Das Votum von Nationalrat Ulrich Schlüer hatte folgenden Wortlaut:

Es ist ein unbestrittener Grundsatz des Neutralitätsrechts, dass ein neutraler Staat auf seinem Territorium keinerlei Aktivitäten in Zusammenhang mit kriegerischen Auseinandersetzungen in einem Drittland dulden darf. Die Schweiz erlebte indessen solche kriegerische Vorbereitungen ­ in Zusammenhang mit dem Balkankrieg. Von Schweizer Boden aus fanden kriegsorganisatorische Aktivitäten statt. Von Schweizer Boden aus wurden solche Aktivitäten finanziert, auf Schweizer Boden wurden Kämpfer angeworben und mit Sammeltransporten ins Konfliktgebiet gebracht ­ die Öffentlichkeit konnte das am Fernsehen verfolgen. Es wurde dadurch elementares Neutralitätsrecht verletzt.

Meine Initiative verlangt nun, dass schleunigst gesetzliche Grundlagen geschaffen werden, so dass sich solches wenigstens nicht wiederholen kann. Ich möchte Sie darauf aufmerksam machen, dass gravierende Vorfälle von der Schweiz aus gelenkt wurden. UCK-Führer Hashim Thaci, der zeitweise als Asylbewerber, zeitweise als Student in Zürich gelebt hat, hat in einem Zeitungsinterview bekannt gegeben, er habe von der Schweiz aus Hinrichtungen in seinen eigenen Reihen veranlasst. Solche Drahtzieher haben auf Schweizer Boden wirklich nichts verloren. Die beiden in Mazedonien gesuchten Führer von Rebellenbewegungen, Ali Ahmeti und Fazli Veliu, beide im Luzernischen wohnhaft, zogen von Schweizer Boden aus Fäden. In Deutschland lief gegen diese Leute eine Strafverfolgung ­ einer wurde sogar verhaftet, er konnte fliehen. In der Schweiz blieben sie völlig unbehelligt. Der Bundesrat hat ­ und das hat meine Initiative ausgelöst ­ in einer Fragestunde einmal gesagt, er könne gegen solche Machenschaften nichts unternehmen, es gebe dazu keine Gesetze. Später hat er dann immerhin einmal ein Redeverbot erlassen.
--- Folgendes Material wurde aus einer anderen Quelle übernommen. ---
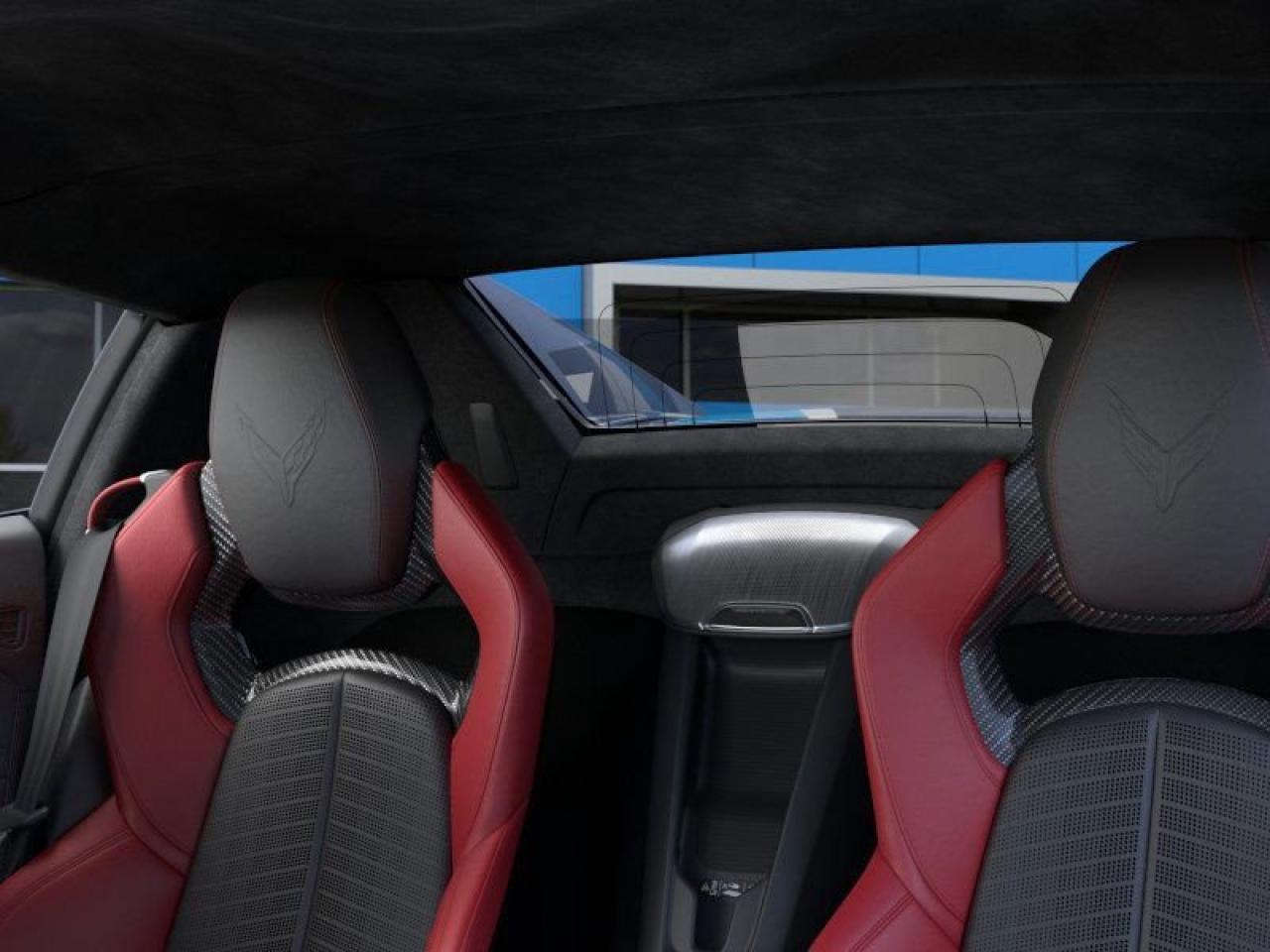 2025 Chevrolet Corvette 3LZ Z06 Convertible 3LZ Photo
Was die Kommission in ihrem Bericht zu diesen Fällen sagt, ist nun tatsächlich der Gipfel an Fantasielosigkeit. Die Kommission beruft sich auf das Neutralitätsrecht von 1907 und stellt darauf fest, es habe zu den Konflikten auf dem Balkan eben keine Kriegserklärung gegeben. Tatsächlich gab es keine Kriegserklärung; zu bürgerkriegsähnlichen Auseinandersetzungen gibt es nie Kriegserklärungen. Dass daraus aber gleichsam ein Denkverbot abgeleitet wird für jene, die für die zeitgemässe Anwendung der Neutralität zuständig sind, das ist ebenso neu wie naiv. Da muss sich die Kommission dann doch noch irgend etwas einfallen lassen, wenn sie glaubwürdig sein will.
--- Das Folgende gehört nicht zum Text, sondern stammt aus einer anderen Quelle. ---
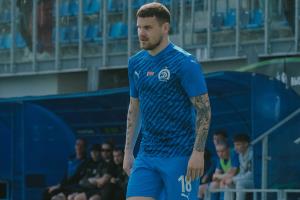Роман Давыскиба покинул минское «Динамо»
Und dann muss ich Sie auch noch auf einen aktuellen Widerspruch hinweisen. Wenn Sie sagen, die Schweiz könne oder wolle nichts unternehmen, wenn Neutralitätsverstösse im Zusammenhang mit Konflikten auf dem Balkan vorkommen, dann möchte ich Sie fragen: Wie halten Sie es denn mit den USA? Die USA haben der Schweiz gegenüber die Forderung aufgestellt, sie möchten bei der Strafverfolgung von Terrorismus-Verdächtigten auf Schweizer Boden beteiligt werden. Die Schweiz hat sofort zugelassen, dass selbst ein amerikanischer Fahnder auf Schweizer Boden mit unserer Bundespolizei zusammen aktiv sein kann. Wenn die Schweiz neutralitätsrechtlich und neutralitätspolitisch glaubwürdig sein will, dann können Sie nicht gegenüber Mazedonien ­ nur weil Mazedonien ein kleiner Staat ist ­ untätig bleiben, und dann, wenn das mächtige Amerika anklopft, händereibend zugestehen: Selbstverständlich dürft Ihr Amerikaner auf unserem Staatsgebiet mit eigenen Beamten fahnden. Das sind Widersprüche, die sich die Schweiz nicht leisten darf, die ein negatives Licht auf unser Land werfen.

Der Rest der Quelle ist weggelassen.